[Source records]
□ □ □ □
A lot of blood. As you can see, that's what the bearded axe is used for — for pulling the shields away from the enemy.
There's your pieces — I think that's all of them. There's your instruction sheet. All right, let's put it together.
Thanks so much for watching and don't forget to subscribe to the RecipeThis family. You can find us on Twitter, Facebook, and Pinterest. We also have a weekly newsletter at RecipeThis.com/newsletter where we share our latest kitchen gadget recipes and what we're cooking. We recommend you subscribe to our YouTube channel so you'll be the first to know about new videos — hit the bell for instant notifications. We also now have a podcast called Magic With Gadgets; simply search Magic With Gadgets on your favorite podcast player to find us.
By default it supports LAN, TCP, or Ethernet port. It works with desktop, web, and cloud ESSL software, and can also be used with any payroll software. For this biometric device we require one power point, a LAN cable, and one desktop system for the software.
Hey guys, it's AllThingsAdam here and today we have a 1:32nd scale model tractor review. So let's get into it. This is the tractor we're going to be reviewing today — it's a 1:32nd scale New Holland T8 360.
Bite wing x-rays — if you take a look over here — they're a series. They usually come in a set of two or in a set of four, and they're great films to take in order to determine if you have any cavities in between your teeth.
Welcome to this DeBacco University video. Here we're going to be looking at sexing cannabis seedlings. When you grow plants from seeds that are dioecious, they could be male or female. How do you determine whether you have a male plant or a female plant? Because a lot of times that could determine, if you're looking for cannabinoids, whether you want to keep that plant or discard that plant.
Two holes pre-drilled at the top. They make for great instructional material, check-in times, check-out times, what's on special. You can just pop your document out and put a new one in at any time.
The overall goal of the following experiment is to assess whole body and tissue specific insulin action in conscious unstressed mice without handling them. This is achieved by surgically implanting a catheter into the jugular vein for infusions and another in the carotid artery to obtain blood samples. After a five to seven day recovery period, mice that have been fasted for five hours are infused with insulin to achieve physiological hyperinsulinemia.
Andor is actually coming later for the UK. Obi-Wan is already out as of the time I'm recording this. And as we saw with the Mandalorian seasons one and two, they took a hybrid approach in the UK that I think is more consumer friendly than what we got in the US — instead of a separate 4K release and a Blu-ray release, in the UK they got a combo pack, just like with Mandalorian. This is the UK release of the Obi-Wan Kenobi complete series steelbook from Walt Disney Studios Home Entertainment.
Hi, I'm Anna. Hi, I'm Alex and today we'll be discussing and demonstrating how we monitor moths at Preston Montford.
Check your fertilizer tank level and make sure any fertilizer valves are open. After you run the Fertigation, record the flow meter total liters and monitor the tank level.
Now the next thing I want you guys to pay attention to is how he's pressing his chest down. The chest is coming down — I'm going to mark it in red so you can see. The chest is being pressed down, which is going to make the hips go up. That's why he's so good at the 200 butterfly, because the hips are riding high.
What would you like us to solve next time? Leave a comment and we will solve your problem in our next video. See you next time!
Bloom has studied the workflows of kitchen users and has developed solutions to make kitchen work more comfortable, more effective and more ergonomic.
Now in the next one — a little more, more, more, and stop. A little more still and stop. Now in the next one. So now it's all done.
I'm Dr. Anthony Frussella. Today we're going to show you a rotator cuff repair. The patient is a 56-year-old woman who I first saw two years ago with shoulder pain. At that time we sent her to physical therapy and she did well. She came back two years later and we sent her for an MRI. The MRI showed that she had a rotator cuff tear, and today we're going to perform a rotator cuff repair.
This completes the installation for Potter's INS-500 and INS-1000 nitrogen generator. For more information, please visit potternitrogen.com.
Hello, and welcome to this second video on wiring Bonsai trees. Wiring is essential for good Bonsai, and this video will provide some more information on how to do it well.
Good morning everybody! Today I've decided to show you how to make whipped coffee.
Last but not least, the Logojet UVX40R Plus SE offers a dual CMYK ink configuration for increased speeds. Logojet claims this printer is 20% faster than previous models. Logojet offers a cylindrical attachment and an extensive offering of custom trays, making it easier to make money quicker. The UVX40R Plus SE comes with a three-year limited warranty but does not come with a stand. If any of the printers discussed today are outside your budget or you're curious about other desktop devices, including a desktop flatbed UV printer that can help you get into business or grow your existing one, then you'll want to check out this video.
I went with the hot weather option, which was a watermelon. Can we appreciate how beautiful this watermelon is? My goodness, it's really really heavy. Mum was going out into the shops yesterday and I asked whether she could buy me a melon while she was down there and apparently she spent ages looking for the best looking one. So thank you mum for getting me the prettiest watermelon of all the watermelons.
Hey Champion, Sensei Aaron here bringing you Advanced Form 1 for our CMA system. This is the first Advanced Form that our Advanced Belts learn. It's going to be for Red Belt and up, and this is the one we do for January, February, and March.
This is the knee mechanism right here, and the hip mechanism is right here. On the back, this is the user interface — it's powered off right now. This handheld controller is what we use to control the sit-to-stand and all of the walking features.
□ □ □ □
The range runs from the line above containing "Welcome to this DeBacco" to the line containing "Two holes pre-drilled", inclusive. Restate those lines word for word and no others.

Welcome to this DeBacco University video. Here we're going to be looking at sexing cannabis seedlings. When you grow plants from seeds that are dioecious, they could be male or female. How do you determine whether you have a male plant or a female plant? Because a lot of times that could determine, if you're looking for cannabinoids, whether you want to keep that plant or discard that plant.
Two holes pre-drilled at the top. They make for great instructional material, check-in times, check-out times, what's on special. You can just pop your document out and put a new one in at any time.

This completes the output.